The impact of Covid-19 has been devastating in all aspects with a profit-making attitude seemingly unimaginable during the chaotic period, however, even here one is able to seize potential opportunities. Take for example companies such as Moderna which appeared on our radar earlier this year at $169 from which it rallied strongly to +$480. On the global stage, access to specialized healthcare and biotechnology firms are only a click away however the JSE provides limited access to such sectors.
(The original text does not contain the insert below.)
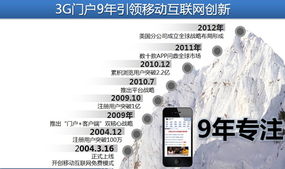 陳雄亮 移動(dòng)終端，賦能汽車銷售渠道下沉的天然媒介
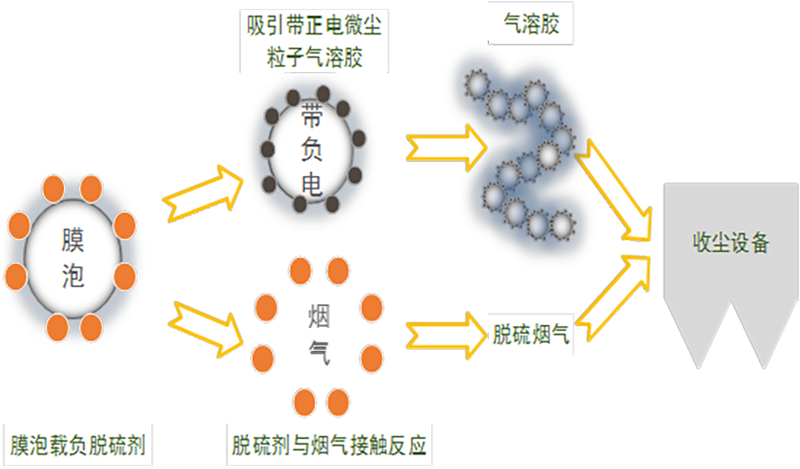 環境（水(shuǐ)▪土(tǔ)▪氣）淨化(huà)技(jì)術(shù)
Not only are global stocks available, there is also a wide array of Exchange Traded Funds in offshore markets. Whilst the traditional/vanilla ETFs can be access via the JSE, offshore markets give investors access to niche themes such as Online Retail, Global Infrastructure as well as Country Specific opportunities. Looking for access to Taiwanese, Hong Kong or Mexican equities via ETFs? We’ve got access to those.
If you think clean energy is an integral part of the future, why not buy a Solar ETF?
If you believe that the Uranium sector still has legs following it’s strong recovery, the offshore markets offer an array of companies and Exchange Traded Funds (ETFs) by which to access to sector.
If your preference is agricultural commodities, then looking at the Teucrium Funds listed on the NYSE may be an option:

Whichever Stock, Sector ETF, Index, Commodity or Currency (including Cryptocurrency) you’d like to trade or invest in, Unum Capital most certainly has access to the vast majority of instruments. Instead of limiting yourself to a small pool of stocks and ETFs, exploring global opportunities allows a trader and investor to grab hold of nearly any opportunity imaginable.
While going offshore also provides access to an array of businesses, investors also protect themselves in the event of a weakening Rand.